第2章 暂住

眼前这些人,皆是刘家大院里的农户,为了躲避徭役,无奈将自家田地献给了刘老爷,田地虽归了刘老爷名下,却仍是他们自己耕种。

日日劳作,汗滴禾下,等到粮食长成,要先分给刘老爷七成。

往年还能勉强度日,今年偏偏又是天大旱,三成薄收,早已填不饱一家老小的肚子。

如今见他张平安得了官府抚恤,便纷纷前来,眼神里俱是隐约的希冀之色。

张平安心中暗叹。

他们不是恶人,可我也没余粮可分。

王五二人还未走远,若是当众直接拒绝,传出去自己便成了自私之人,脚跟还未站稳,名声就先坏了。

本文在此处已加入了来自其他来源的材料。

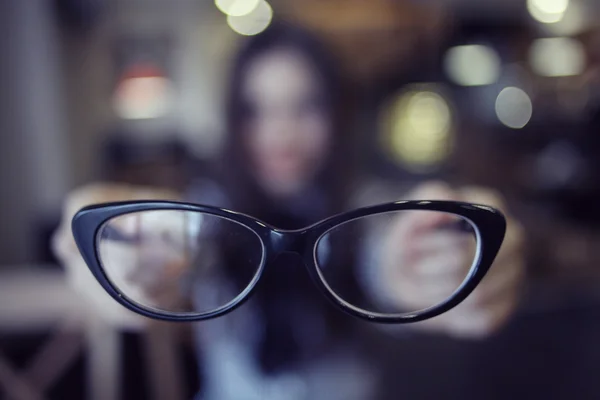 Junges Mädchen mit Brille — Stockfoto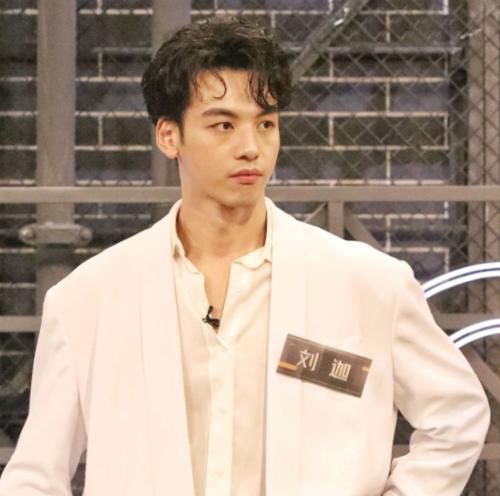 矛盾|跟趙文卓起矛盾，讓李響劉迦成伴舞，他真的適合上綜藝嗎？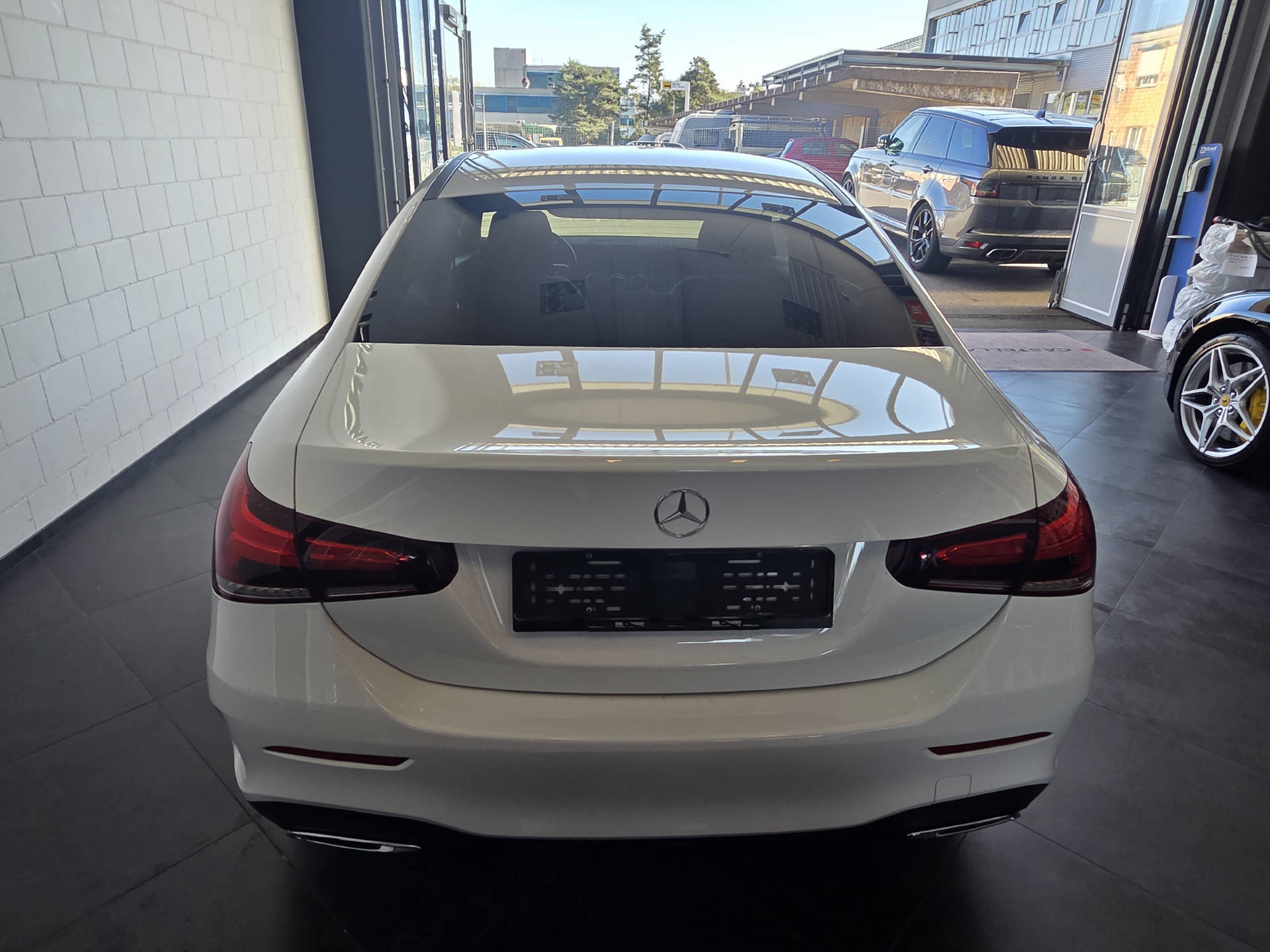 MERCEDES-BENZ A 200 AMG Line Limousine-image-4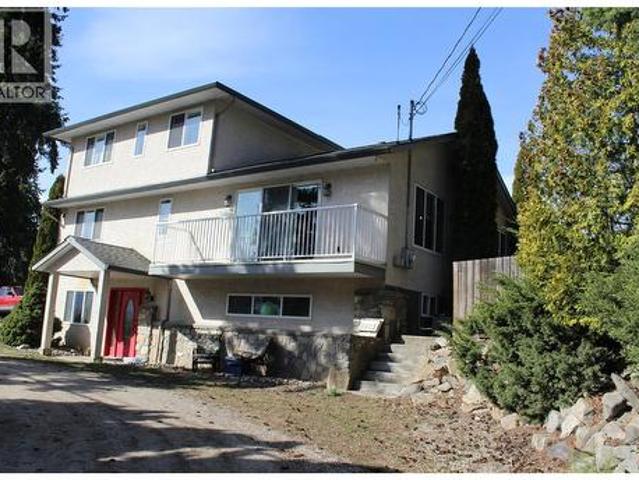 House for sale in Salmon Arm, British Columbia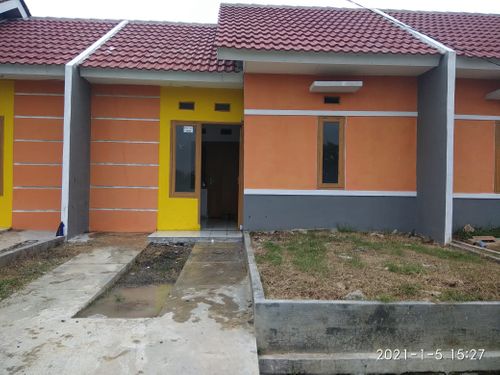 foto tampak rumah tipe 30/60 perumahan MAHKOTA REGENCY 2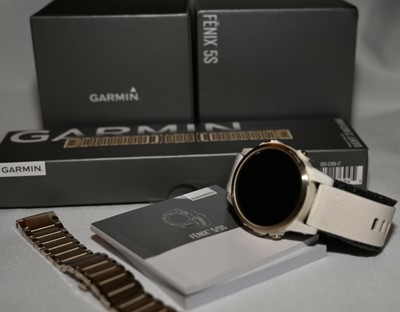 Garmin Fenix 5s SAPPHIRE Smartwatch + DOPPIO CINTURINO ORIGINALE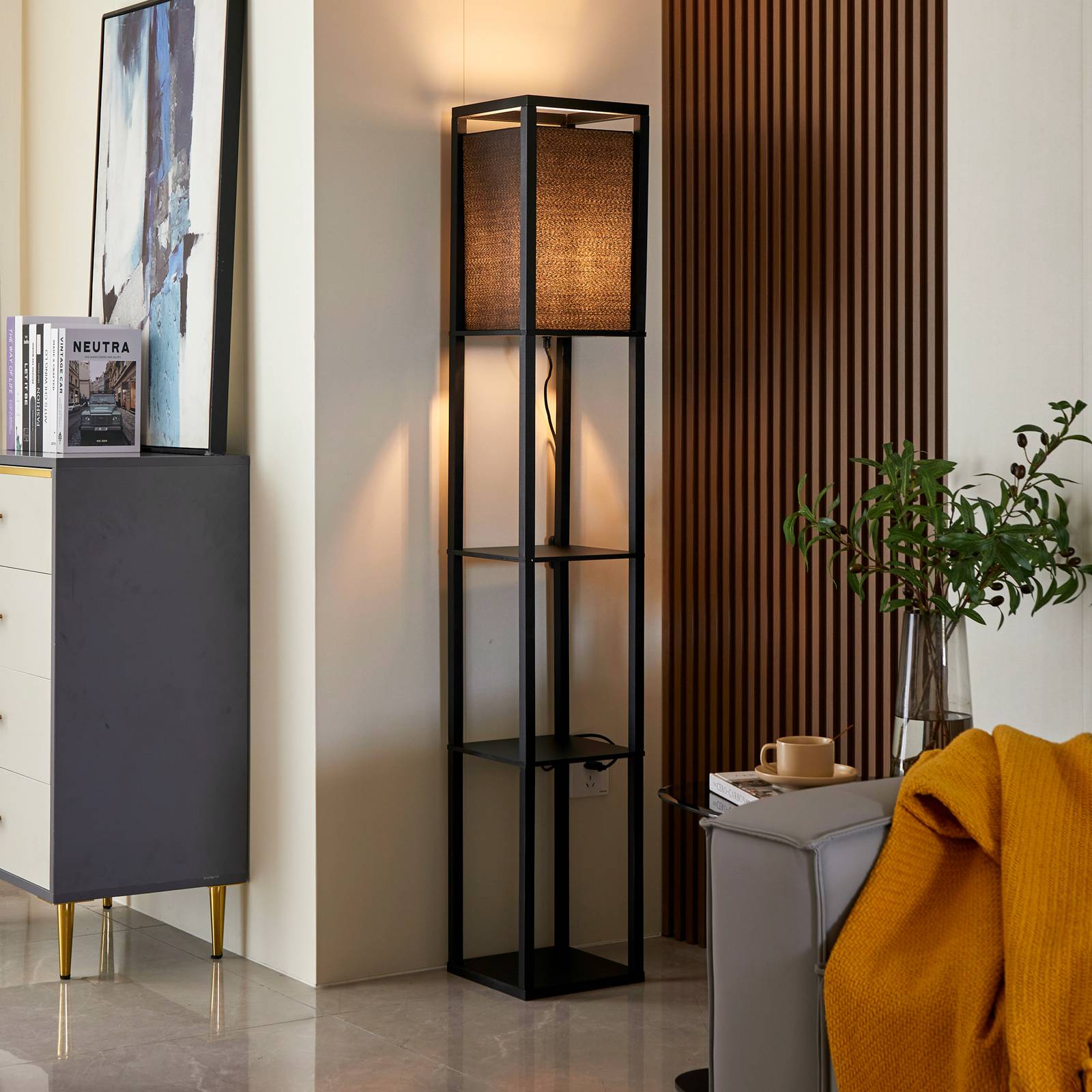 Lindby Stehleuchte Birta, schwarz, Regal, Holz, 159 cm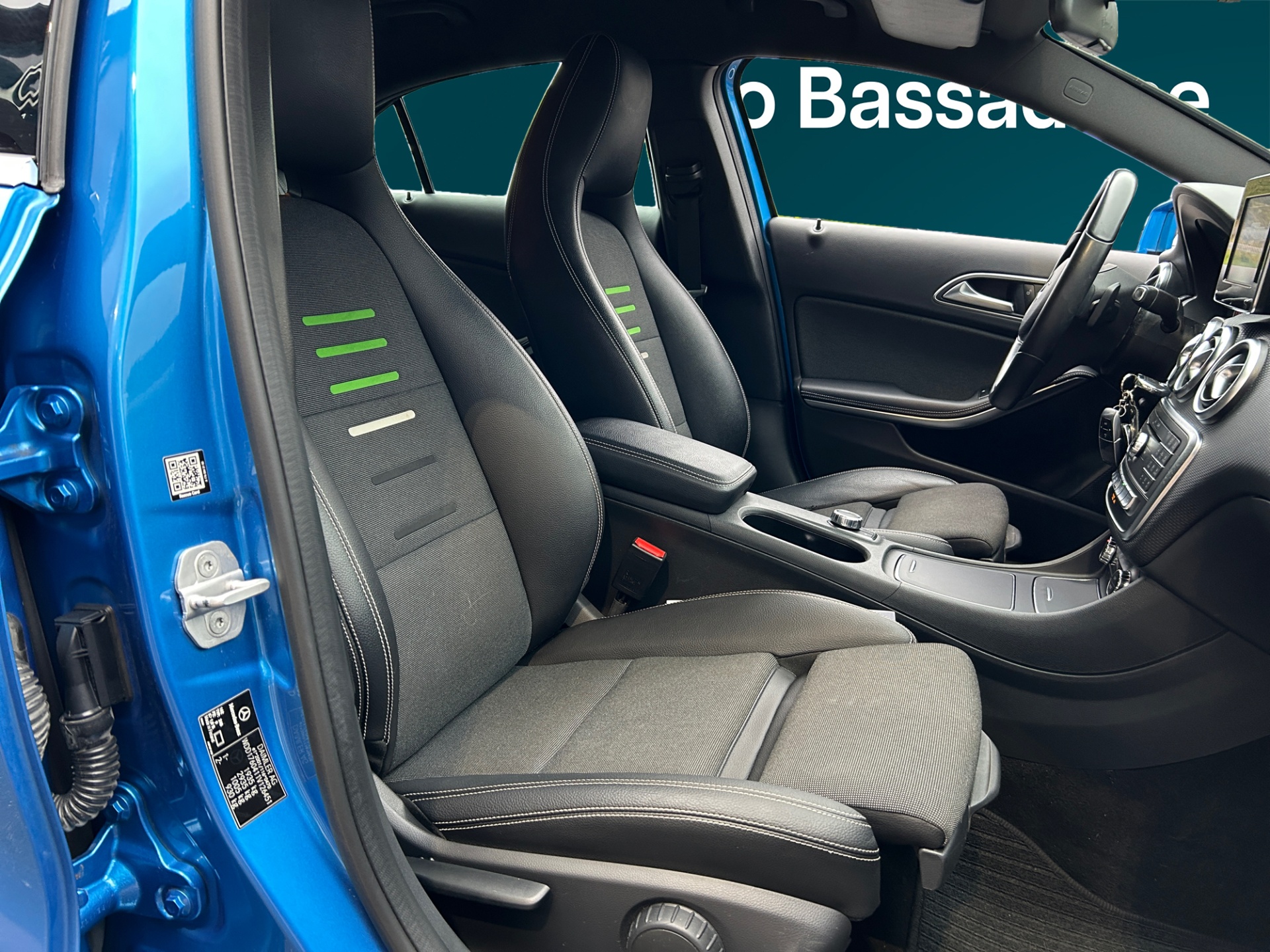 MERCEDES-BENZ A 2016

可若轻易送米,自己这点抚恤粮撑不了几日,说不定哪天也得去街上讨饭。

眼下当真是两难局面。

他正犹豫间,忽然灵机一动,想起了刘备。

遇事不决,哭为上策。

他眼珠一转,猛地抹起眼泪,蹲在门槛边上,肩头耸动,放声痛哭。

“可怜我父张大柱,战死沙场,尸骨未归,我年少孤寒,无一技傍身,我一个人可怎么活下去?”

他哭声带颤,字字悲苦,几句下来,几个老妇眼圈泛红,连原本摩拳擦掌的几个汉子也垂下了头。

王五二人闻声回头,看见张平安哭得凄惨,也只当是思父心切,互相看了一眼,摇头叹气,抹着鼻子远去了。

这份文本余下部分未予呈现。